Er hat alles, was man braucht, um in den Schlagzeilen zu landen – jedenfalls alles, was ein Krankheitserreger braucht: Er ist häufig (fünfzig Prozent aller Hähnchen tragen ihn in die Haushalte), er macht sehr krank (schwere Durchfälle) und, last but not least, er kann eine rätselhafte und bedrohliche Spätkomplikation auslösen, das Guillain-Barré-Syndrom (chronische Nervenschäden).
Dass er trotzdem noch nie einen Lebensmittelskandal verursacht hat – zumindest keinen öffentlich wahrgenommenen -, schiebt die Handvoll Forscher, die sich mit ihm beschäftigt, auf seinen Namen: “Campylobacter” kann kaum jemand aussprechen, sich niemand merken und oft genug wird es auch noch falsch geschrieben, nämlich mit ph: “Camphylobacter”.

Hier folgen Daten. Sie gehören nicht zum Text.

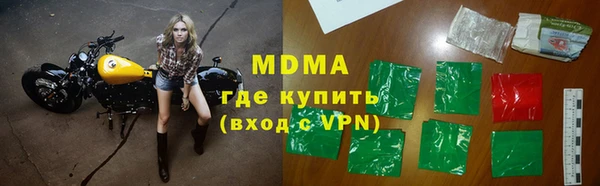 ALPHA PVP Вяземский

Andere Gründe kann es wohl wirklich kaum geben, denn das Bakterium Campylobacter hat in den vergangenen Jahren eine steile Karriere hingelegt – in Geflügelfarmen, Schlachthöfen und Küchen. Während heute etwa 40.000 Deutsche pro Jahr an Salmonellose erkranken, gibt es 65.000 Campylobacter-Fälle. Bei Befragungen haben allerdings neunzig Prozent der Deutschen schon einmal von Salmonellen gehört – aber nicht einmal zehn Prozent von Campylobacter.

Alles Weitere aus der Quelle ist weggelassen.